Goal of the exercise: Transcribe the listing verbatim, please, with images dropped.

Material provided:
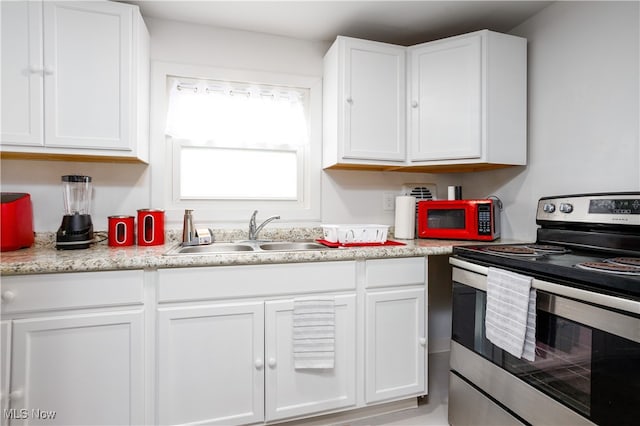 kitchen featuring white cabinets, stainless steel electric range oven, and sink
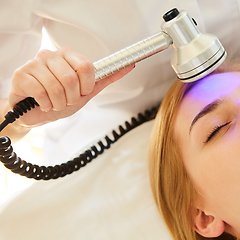 Image showing Young healthy woman with good skin doing cosmetic procedures in spa clinic. Light treatment.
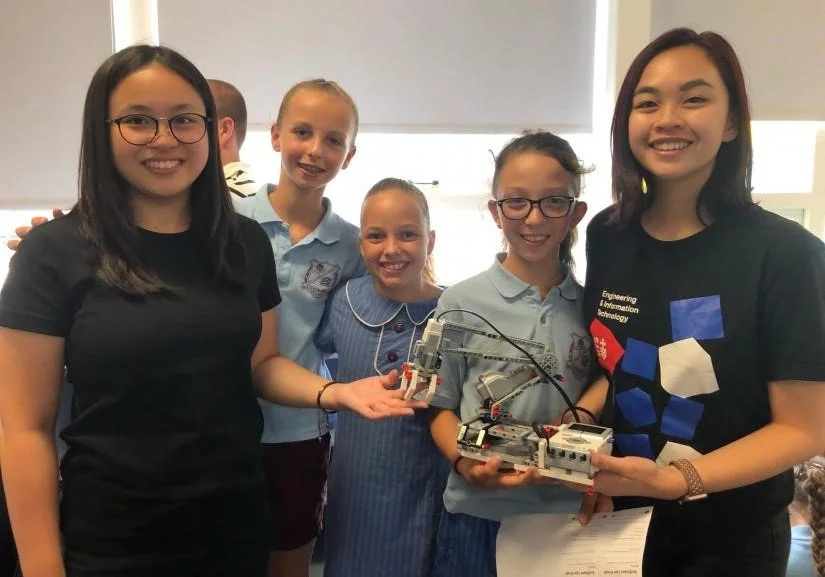 Young girls from Sutherland North Public School taking part in the STEM pilot, posing with UTS staff.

Result of this task:
 kitchen featuring white cabinets, stainless steel electric range oven, and sink
 Image showing Young healthy woman with good skin doing cosmetic procedures in spa clinic. Light treatment.
 Young girls from Sutherland North Public School taking part in the STEM pilot, posing with UTS staff.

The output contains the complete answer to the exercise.